========================================================
Hi everyone, I’m trying out R knitr for my blog posts now; let me know what you think!
Recently, I was looking for sample size calculations in R and found that R really doesn’t have good built in funtions for sample size and power. For example, for finding the sample size necessary to find a difference in two proportions, one can use the power.prop.test() function and get the following output:
power.prop.test(n=NULL, .10, .25, .05, .90, alternative="two.sided")
##
## Two-sample comparison of proportions power calculation
##
## n = 132.7557
## p1 = 0.1
## p2 = 0.25
## sig.level = 0.05
## power = 0.9
## alternative = two.sided
##
## NOTE: n is number in *each* group
But there are very few options in this function; for example, there is no option for a continuity correction for the normal approximation to binary data, you can’t compare a one sample of a null vs alternative value instead of two sample proportion, and you can’t change the ratio of the size of the two samples. Even more importantly, there’s no way to find effective sample size when data is clustered. There are other functions in R but I found them complicated and not user friendly. The sampsi and sampclus functions in Stata are intuitive and useful, and have all of those important options. I decided to build my own R functions that had the same capabilities, and I’ve posted them here for others to use and comment on. Eventually I would like to make an R package that includes all of these functions for ease of use.
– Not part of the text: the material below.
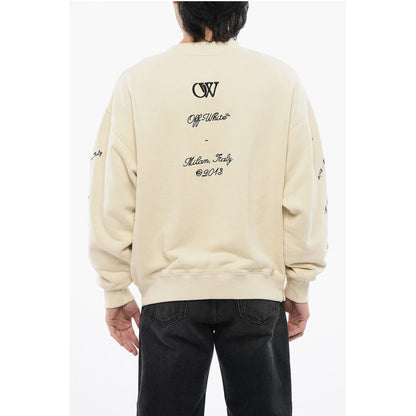 Skate-Fit Brushed Cotton 23 Crewneck Sweatshirt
The first function, sampsi.prop(), calculates sample size for one and two sample tests of proportions. The required n for both are as follows: * Two-sample test of equality of proportions, with continuity correction:
\[n_1 = \frac{n'}{4}\left(1+\left\{1+\frac{2(r+1)}{n'r|p_1-p_2|}\right\}^{1/2}\right)^2\]
and \(n_2 = rn_1\)
\[n' = \frac{\left(z_{1-\alpha/2}\left\{(r+1)\bar{p}\bar{q}\right\}^{1/2}+z_{1-\beta}(rp_1q_1+p_2q_2)^{1/2}\right)^2}{r(p_1-p_2)^2}\]
and \(\bar{p} = (p_1+rp_2)/(r+1)\) and \(\bar{q}=1-\bar{p}\)
so that \(n_1=n'\) and \(n_2=rn_1\)
- One-sample test of proportions where null is \(p=p_0\) and alternative is \(p=p_A\):
\[n = \left(\frac{z_{1-\alpha/2}\left\{p_0(1-p_0)\right\}^{1/2} + z_{1-\beta}\left\{p_A(1-p_A)\right\}^{1/2}}{p_A-p_0}\right)^2\]
The function sampsi.prop() takes arguments p1 and p2, which are either the null and alternative proportions, respectively, for the one-sample test, or two proportions for the two-sample test. These arguments are required for the function to run. The rest of the arguments have preset default values so do not need to be indicated, and include the ratio of smaller group to larger group (default=1), power (default of \(\beta=.80\)), significance level (default of \(\alpha=.05\)), a logical argument for whether to include the continuity correction (default is true), whether to perform a two-sided test or one-sided (default is two), and whether to perform the two-sample or one-sample test (defaut is two-sample test). The output is a list object.
sampsi.prop<-function(p1, p2, ratio=1, power=.90, alpha=.05, cont.corr=TRUE, two.sided=TRUE, one.sample=FALSE){
effect.size<-abs(p2-p1)
avg.p<-(p1+ratio*p2)/(ratio+1)
sd=ifelse(one.sample==FALSE, sqrt(ratio*p1*(1-p1)+p2*(1-p2)), sqrt(p2*(1-p2)))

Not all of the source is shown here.